It has been suggested that Gerrard plays a higher tempo game than Lampard, covers more of the pitch and is finding it hard, at 34, to transform games as he once did by imposing himself on proceedings.
There might be some truth in that theory, but there is not that much difference in the two players and neither is it the case that Gerrard cannot adapt his game as he grows older. He started to do that in the second half of last season and, given Liverpool's form and results right up until the fateful slip against Chelsea, few could complain about the way things went. It is easier to believe that Gerrard was finding it difficult to sit out games at Liverpool or be used as a substitute.
Every player must accept that age takes its toll and that managers will inevitably put more trust in young legs rather than old ones, but it is never the easiest transition for one-club players who have become icons within their team and sporting community.
In a sense, Chelsea made Lampard's life easier for him by moving him out after 13 years. He was able to look around and see what was available, even if that meant accepting a bit-part at Manchester City. It was always going to be difficult for Gerrard to become a bit-part player at Anfield and neither would he have relished discovering, as he would have had he visited any internet chat rooms this season, that a section of Liverpool's support believes Brendan Rodgers selects more dynamic teams when the captain is not involved.

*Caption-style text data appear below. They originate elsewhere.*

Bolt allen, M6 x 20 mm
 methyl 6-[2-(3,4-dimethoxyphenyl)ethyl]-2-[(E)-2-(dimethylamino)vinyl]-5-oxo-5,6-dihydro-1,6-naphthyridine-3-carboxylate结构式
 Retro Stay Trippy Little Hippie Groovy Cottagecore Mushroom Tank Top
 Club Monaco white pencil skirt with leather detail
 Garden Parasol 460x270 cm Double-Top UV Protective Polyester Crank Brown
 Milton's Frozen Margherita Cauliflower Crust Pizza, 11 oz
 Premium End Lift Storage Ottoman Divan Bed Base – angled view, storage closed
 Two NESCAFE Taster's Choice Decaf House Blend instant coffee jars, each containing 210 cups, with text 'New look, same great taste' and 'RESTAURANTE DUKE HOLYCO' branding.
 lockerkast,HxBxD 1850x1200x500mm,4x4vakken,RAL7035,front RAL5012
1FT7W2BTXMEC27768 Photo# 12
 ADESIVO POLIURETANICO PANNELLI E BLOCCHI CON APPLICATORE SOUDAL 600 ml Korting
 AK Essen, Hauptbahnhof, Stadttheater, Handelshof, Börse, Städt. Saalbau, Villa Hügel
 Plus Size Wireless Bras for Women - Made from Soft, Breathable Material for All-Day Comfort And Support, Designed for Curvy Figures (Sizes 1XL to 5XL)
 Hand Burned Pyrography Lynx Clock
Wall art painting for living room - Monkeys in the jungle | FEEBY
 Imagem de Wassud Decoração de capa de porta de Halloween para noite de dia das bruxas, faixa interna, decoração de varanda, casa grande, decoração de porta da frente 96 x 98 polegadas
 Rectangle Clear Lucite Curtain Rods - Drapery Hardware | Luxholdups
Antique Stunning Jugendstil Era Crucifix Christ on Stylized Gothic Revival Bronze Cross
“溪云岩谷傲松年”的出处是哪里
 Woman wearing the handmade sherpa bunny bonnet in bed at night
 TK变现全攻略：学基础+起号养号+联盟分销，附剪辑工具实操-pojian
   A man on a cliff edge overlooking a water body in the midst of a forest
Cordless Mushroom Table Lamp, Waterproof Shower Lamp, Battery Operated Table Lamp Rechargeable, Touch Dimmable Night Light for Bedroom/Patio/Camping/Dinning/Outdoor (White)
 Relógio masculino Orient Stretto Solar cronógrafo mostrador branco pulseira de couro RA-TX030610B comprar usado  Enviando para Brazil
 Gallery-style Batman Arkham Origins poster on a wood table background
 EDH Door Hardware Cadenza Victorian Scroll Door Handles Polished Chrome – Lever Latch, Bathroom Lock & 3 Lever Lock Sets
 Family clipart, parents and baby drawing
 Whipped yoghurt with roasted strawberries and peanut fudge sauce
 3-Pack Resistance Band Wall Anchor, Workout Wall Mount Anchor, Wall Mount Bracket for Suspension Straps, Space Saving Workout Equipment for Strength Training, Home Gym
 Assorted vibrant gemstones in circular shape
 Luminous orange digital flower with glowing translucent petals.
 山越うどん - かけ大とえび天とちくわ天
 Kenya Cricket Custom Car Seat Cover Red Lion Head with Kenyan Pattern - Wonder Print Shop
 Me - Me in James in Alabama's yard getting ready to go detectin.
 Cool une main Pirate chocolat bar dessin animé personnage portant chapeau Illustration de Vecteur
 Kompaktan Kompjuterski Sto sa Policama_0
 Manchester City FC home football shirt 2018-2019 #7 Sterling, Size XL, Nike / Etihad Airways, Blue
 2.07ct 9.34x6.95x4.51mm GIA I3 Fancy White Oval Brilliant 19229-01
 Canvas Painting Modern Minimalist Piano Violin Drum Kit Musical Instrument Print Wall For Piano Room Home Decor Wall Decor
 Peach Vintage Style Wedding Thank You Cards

Yet these are issues every footballing great has to confront. Only gunslingers in westerns know better than sportsmen that no one stays on top forever. The trick is to try and turn a parting into a positive and that seems to be what Gerrard is attempting.
Obviously, he could have stayed at Liverpool, the club had offered him a new contract, but those arguing Rodgers should have done everything possible not only to tie Gerrard down, but to introduce him gradually to coaching responsibilities, may be missing an important point. If Gerrard is going to go into coaching or management, once he finishes playing, it will serve him well to have experience of an environment other than Liverpool.
It is some achievement breaking into your home club's first team at the age of 18 and staying there for more than 15 years, but it does not necessarily teach you all you need to know about football and footballers. Gerrard would make a better future manager, one feels, by broadening his experience.
That is for the future, however. Gerrard is astutely concentrating on the present at the moment, determined to prolong his playing career as long as possible so as not to have any regrets in retirement, which leaves everyone else to reflect on the past. Quite obviously, Gerrard is going to have one major regret in retirement, unless Chelsea or Manchester City persuade him to abandon American dreams and enjoy a coda to his career as unexpected as Lampard's - and that is the one that has been bugging him since Alex Ferguson began knocking Liverpool off their perch.
Rival fans routinely taunt him about it, though the fact that no one has seen Gerrard win the league should not detract from evaluation of one of the greatest of English careers. The list of achievements speaks for itself, as does 114 England caps and the heroic performances in Istanbul in 2005 and Cardiff a year later, but what Gerrard deserves to be remembered for most is his inspirational quality. Few English footballers have brought the same force of personality to bear, the same ability to influence outcomes by projecting steely determination allied to prodigious personal example. It is hardly his fault his career coincided with that of a Manchester United manager with exactly the same qualities.
In that respect, Gerrard could be considered unlucky. He could have changed his luck by joining Chelsea and he will also be remembered, on Merseyside even revered, for not doing so. Should he ever come to regret that decision, he would be better off not admitting it. It does not quite fit with the legend and besides, most people agreed with his reasoning. Even modern football can be pleasingly old-fashioned sometimes. Steven Gerrard is Liverpool. Chelsea just would not have felt right.